Watch­ing TV is good for you

The sur­pris­ing ben­e­fits of binge­ing on tele­vi­sion


Con­ven­tional TV watch­ing has seen im­mense changes in re­cent years, largely due to in­ter­net’s mo­bil­ity. But one thing is for sure: TV shows eas­ily re­main as most peo­ple’s fix­a­tion.

I once en­coun­tered some­one who claimed he “didn’t watch TV,” which I found weird. Even as an adult, I haven’t quite re­lin­quished my own TV ob­ses­sion. In fact, I rely on it for when re­al­ity be­comes too sti­fling. The variety of lo­cal and in­ter­na­tional shows avail­able also makes it even harder to switch off.

And it’s not a com­pletely bad thing. Re­cent stud­ies show that you can reap health ben­e­fits from watch­ing TV. Dubbed by psy­chol­o­gists as a paraso­cial re­la­tion­ship, this one-sided in­ter­ac­tion is often pro­jected to­wards celebri­ties or fic­tional char­ac­ters, with the re­ceiv­ing party com­pletely obliv­i­ous of the giver’s ex­is­tence.
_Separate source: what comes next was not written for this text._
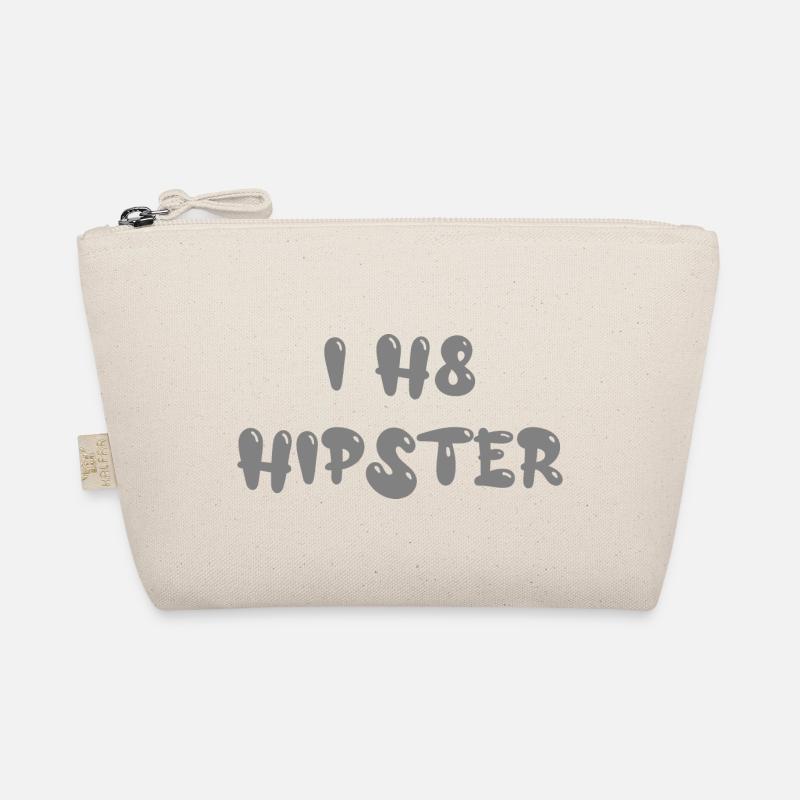 I H8 hipster Organic Pouch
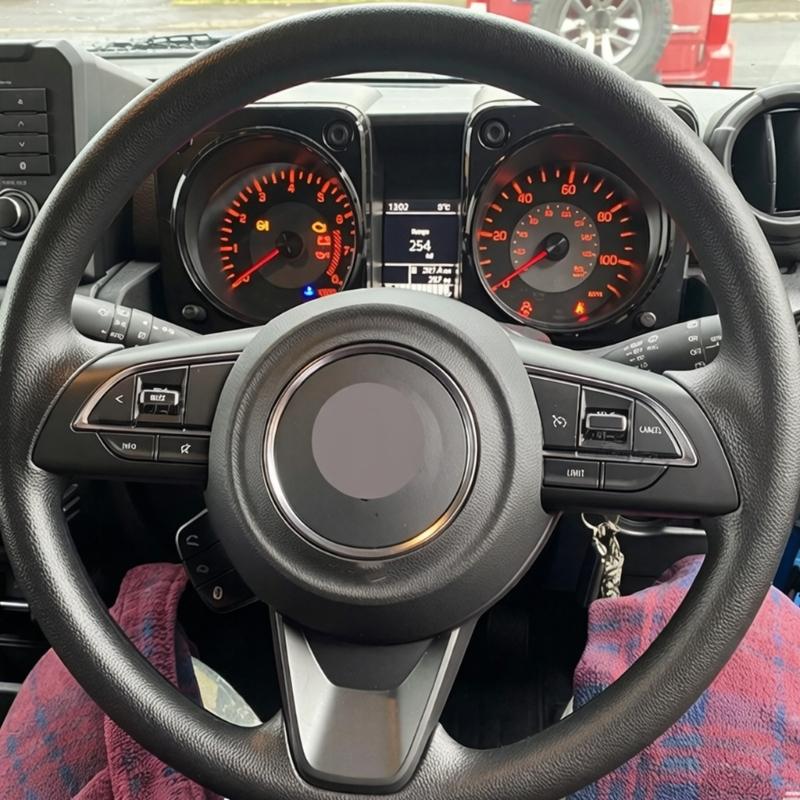 Interior Button Repair Steering Wheel Assembly Set with Separate Button Layout, Black ABS Housing, and Rear Lead Structure for Interior Trim Repair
This can stem from a variety of rea­sons, with lone­li­ness as the most com­mon one. Leon Festinger’s so­cial com­par­i­son the­ory says we watch TV shows to make us feel bet­ter about our­selves. The short-lived eu­pho­ria can be sparked even within just a 30-minute time­frame. Case in point: the en­ter­tain­ing ab­sur­dity in ev­ery Keeping Up with the Kar­dashi­ans episode. Doesn’t be­ing a mere spec­ta­tor in an un­fold­ing drama make you feel good? You get to be around the fire with­out be­ing scorched.

TV shows also cre­ate a kind of in­ti­macy where we iden­tify with a char­ac­ter and develop some sort of one-sided bond with them. This sig­nif­i­cantly al­le­vi­ates lone­li­ness and nur­tures a sense of be­long­ing­ness.

Jen­nifer Barnes, as­sis­tant pro­fes­sor of psy­chol­ogy at the Univer­sity of Ok­la­homa, says this sim­u­lated in­ti­macy like­wise bears real-world ben­e­fits, such as hav­ing im­proved self-es­teem.

Festinger’s the­ory works both ways, how­ever, and there are times when watch­ing tele­vi­sion can leave us feel­ing worse, such as when a fa­vorite char­ac­ter gets killed or, ul­ti­mately, when the show it­self ends. In some in­stances, this sense of for­lorn can be ben­e­fi­cial. This is what philoso­phers have re­ferred to as the para­dox of tragedy, wherein un­for­tu­nate events tend to com­fort us.

It’s still un­clear why we are able to find plea­sure even in times of pain, but us­ing TV shows as cathar­sis for neg­a­tive emo­tions can be lib­er­at­ing. “Al­though we’re feel­ing sad­ness, the meta-emo­tion we’re feel­ing might be some­thing like grat­i­tude that we can feel this wide range of emo­tional ex­pe­ri­ences,” Barnes says in an in­ter­view with Time. “We might ac­tu­ally feel glad that we can be em­pa­thetic and feel things like this on be­half of some­one else, even if they’re not real.”

But while compassion and em­pa­thy are good traits to develop, just a word of cau­tion: do not be overly at­tached to works of fic­tion, es­pe­cially when you’re suf­fer­ing from an un­der­ly­ing case of de­pres­sion.

Oc­ca­sional binge-watch­ing is good, but just like ev­ery­thing else in this world, do it in mod­er­a­tion.